March 29, 2009

Fifth Sunday of Lent



Heartfelt Knowledge

Jeremiah 31:31-35

Do you remember a news story from a few years ago about Judge Roy Moore? When he was Chief Justice of the Alabama Supreme Court, the judge had the Ten Commandments carved on a gigantic granite monument. The thing weighed over 5000 pounds. He then had it installed, under cover of darkness, in the rotunda of the state judicial building.

At the press conference when he unveiled his monument, he had this to say: "May this day mark the restoration of the moral foundation of law to our people and the return to the knowledge of God in our land."

Now I’m sure that Roy Moore holds to the conviction of his beliefs. I’m sure he was sincere in what he was doing. And I’m sure that, as a judge, he had seen plenty of evidence of the wicked sinfulness of humankind. But I am also sure that he got it wrong because the knowledge of God is not something to be gained from a slab of granite. And, if by some miracle, Judge Moore and the prophet Jeremiah could have a conversation, I think the judge might be quite surprised.

Jeremiah had seen some pretty bad behavior himself. And worse than that, he had witnessed what seemed to be the people’s punishment for their unfaithfulness. They had been taken into exile, the Temple lay in ruins, Jerusalem was on the verge of destruction.
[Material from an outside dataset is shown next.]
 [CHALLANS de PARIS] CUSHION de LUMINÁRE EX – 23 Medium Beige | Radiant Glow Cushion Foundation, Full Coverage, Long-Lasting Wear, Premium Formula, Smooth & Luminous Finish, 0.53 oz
The great promise of God to give the people a land of their own seemed to have been abandoned. Like the broken tablets on the mountain, laws written in stone with God’s own finger, God’s covenant with Moses was also irretrievably broken. And maybe God’s heart was broken, too. It began to seem that God might have just given up on the people, finally letting them have their own way and suffer the consequences of a life lived apart from love. Things were so bad that Jeremiah cursed the day that he was born. He accused God of seducing him and then turning him into a laughingstock, making him out to be a fool. He tried to give up his role as prophet, as the one who called the people over and over again to return to God and God’s ways.
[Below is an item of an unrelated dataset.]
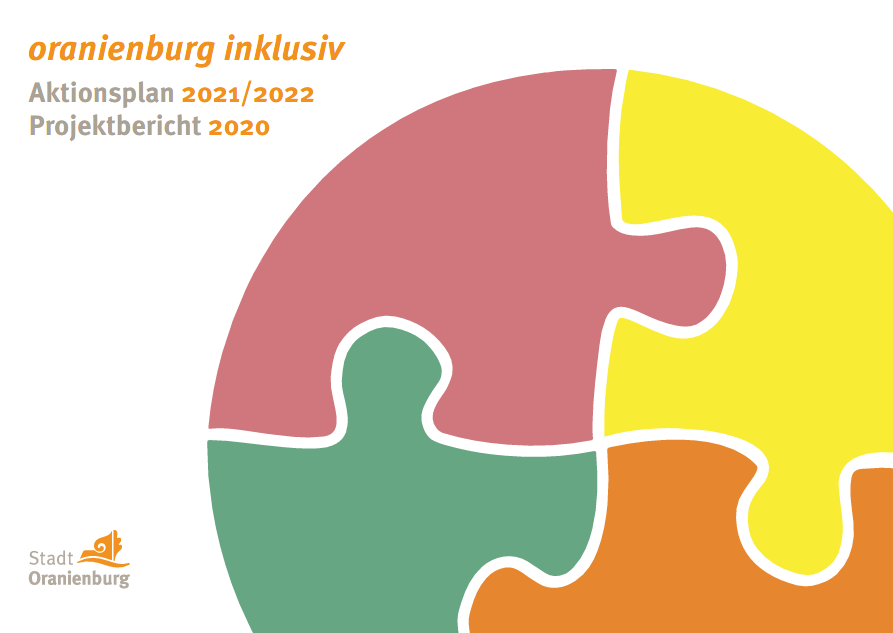 Titelsite des Aktionsplans der Stadt Oranienburg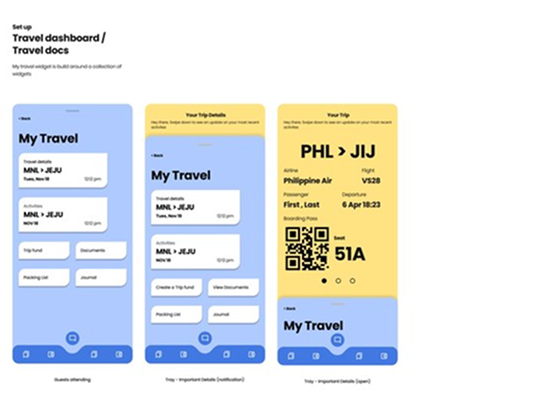 Parent Trip user flow screen 2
But God would not leave Jeremiah alone. And God would not abandon the people either. In the midst of what seemed to be a monumental failure on the part of the people and the prophet, God issued one of the most radical pledges in all of human history:“…I will make a new covenant with Israel and Judah,” God said. “I will put my law within them and I will write it on their hearts; …I will be their God, and they shall be my people.”

No ifs, ands, or buts. No conditions. Nothing for the people to agree to. Just God’s unilateral action, the action of love.

This new covenant, these words on the heart, would mean that each person would have full knowledge of God. There would be no second-hand witness, no hearsay account, no privileged few with insider information. They would all know God, all of them, “from least of them to the greatest,” and they would all be forgiven. Just like that. No call to repentance, no instruction to put on sackcloth and prepare burnt offerings, no rules and regulations for the priests to enforce. Just the first-hand, heartfelt knowledge of God, for everyone.

It was an extraordinary gift. Think about it. This new covenant is the ultimate in inclusively. It embraces the least to greatest and all in between; the rich and the poor; the PhD and the grade school dropout; young and old; male and female; the wise and the foolish. Everyone is included.

And no one has an exclusive claim on the knowledge of God. No one can pretend to be an expert in the law, to know more than anyone else about what the covenant means, or who it applies to. Because the covenant is given equally to all. “I will be your God and you will be my people.” These are words meant for everyone, all of God’s people, even for us.

But how shall we read them, these words that God promises to write on our hearts? What happens when God’s law, God’s way of doing things, gets internalized in us, when it is in our very bodies? There is a church word for this embodiment, you know. It is “incarnation.” The perfect example of God entering human form, of course, is Jesus, but maybe it is not too far-fetched to think that we are all somehow a tiny bit of incarnation.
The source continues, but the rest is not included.